Department of Biochemistry, Interdisciplinary Plant Group, 117 Schweitzer Hall, University of Missouri, Columbia, MO 65211, USA.
Ann Bot. 2011 Sep;108(4):647-58. doi: 10.1093/aob/mcr179. Epub 2011 Jul 28.
S-RNase-based self-incompatibility (SI) occurs in the Solanaceae, Rosaceae and Plantaginaceae. In all three families, compatibility is controlled by a polymorphic S-locus encoding at least two genes. S-RNases determine the specificity of pollen rejection in the pistil, and S-locus F-box proteins fulfill this function in pollen. S-RNases are thought to function as S-specific cytotoxins as well as recognition proteins. Thus, incompatibility results from the cytotoxic activity of S-RNase, while compatible pollen tubes evade S-RNase cytotoxicity.

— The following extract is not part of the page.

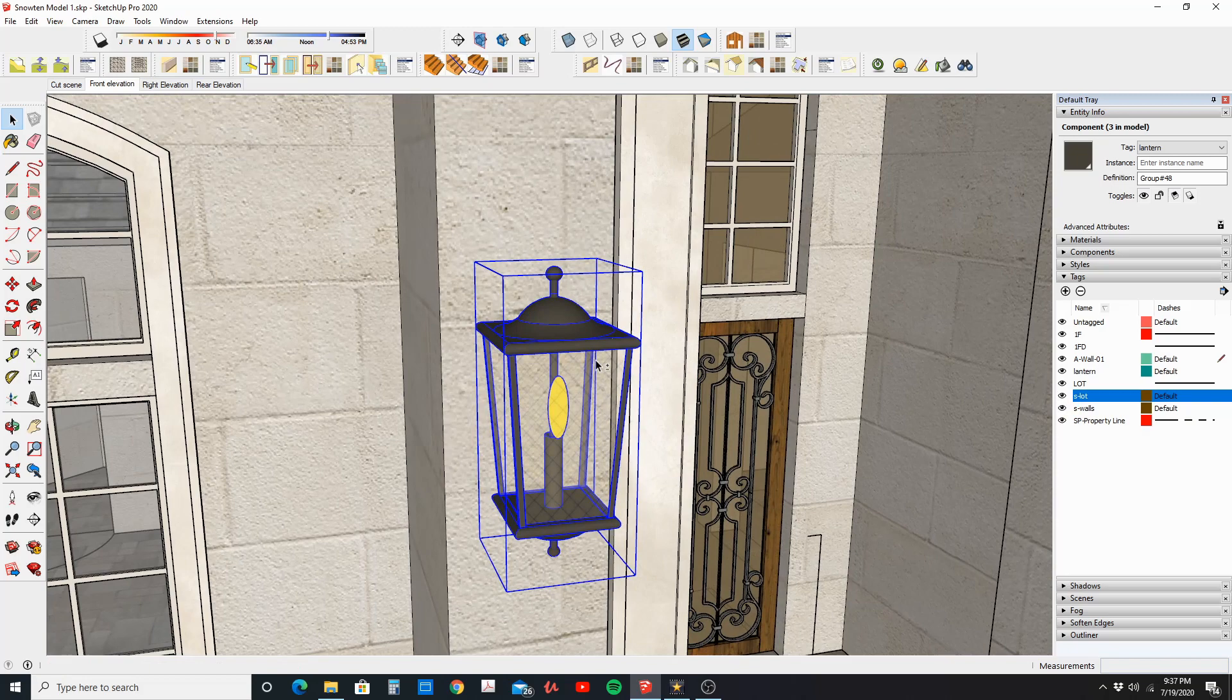And that's it. That's how you move your objects to the correct layers. Hope this helps. If it did, give me a like, and I will see you next time on Quick Tips with SketchUp Architect. Thanks.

The S-specificity determinants are known, but many questions remain. In this review, the genetics of SI are introduced and the characteristics of S-RNases and pollen F-box proteins are briefly described. A variety of modifier genes also required for SI are also reviewed. Mutations affecting compatibility in pollen are especially important for defining models of compatibility and incompatibility. In Solanaceae, pollen-side mutations causing breakdown in SI have been attributed to the heteroallelic pollen effect, but a mutation in Solanum chacoense may be an exception. This has been interpreted to mean that pollen incompatibility is the default condition unless the S-locus F-box protein confers resistance to S-RNase. In Prunus, however, S-locus F-box protein gene mutations clearly cause compatibility.
Two alternative mechanisms have been proposed to explain compatibility and incompatibility: compatibility is explained either as a result of either degradation of non-self S-RNase or by its compartmentalization so that it does not have access to the pollen tube cytoplasm. These models are not necessarily mutually exclusive, but each makes different predictions about whether pollen compatibility or incompatibility is the default. As more factors required for SI are identified and characterized, it will be possible to determine the role each process plays in S-RNase-based SI.
基于 S-RNase 的自交不亲和性(SI)发生在茄科、蔷薇科和车前科中。在这三个科中,相容性由一个多态 S 基因座编码的至少两个基因控制。S-RNases 决定柱头中花粉的排斥特异性,而 S 基因座 F-box 蛋白在花粉中发挥此功能。S-RNases 被认为具有 S 特异性细胞毒素以及识别蛋白的功能。因此,不亲和性是由 S-RNase 的细胞毒性活性引起的,而相容的花粉管则逃避 S-RNase 的细胞毒性。
S 特异性决定因素是已知的,但仍有许多问题需要解决。在这篇综述中,介绍了 SI 的遗传学,并简要描述了 S-RNases 和花粉 F-box 蛋白的特征。还回顾了各种修饰基因,这些基因也需要 SI。影响花粉相容性的突变对于定义相容性和不兼容性模型尤为重要。在茄科中,导致 SI 破坏的花粉侧突变归因于异等位花粉效应,但在 Solanum chacoense 中的突变可能是一个例外。这意味着花粉不亲和性是默认条件,除非 S 基因座 F-box 蛋白赋予对 S-RNase 的抗性。然而,在李属中,S 基因座 F-box 蛋白基因突变显然会导致相容性。
已经提出了两种解释相容性和不兼容性的替代机制:相容性要么是由于非自身 S-RNase 的降解,要么是由于其分隔化,使得它无法进入花粉管细胞质。这些模型不一定相互排斥,但每个模型对花粉的相容性或不兼容性是否为默认条件都有不同的预测。随着更多的 SI 所需的因素被鉴定和表征,就有可能确定每个过程在基于 S-RNase 的 SI 中所起的作用。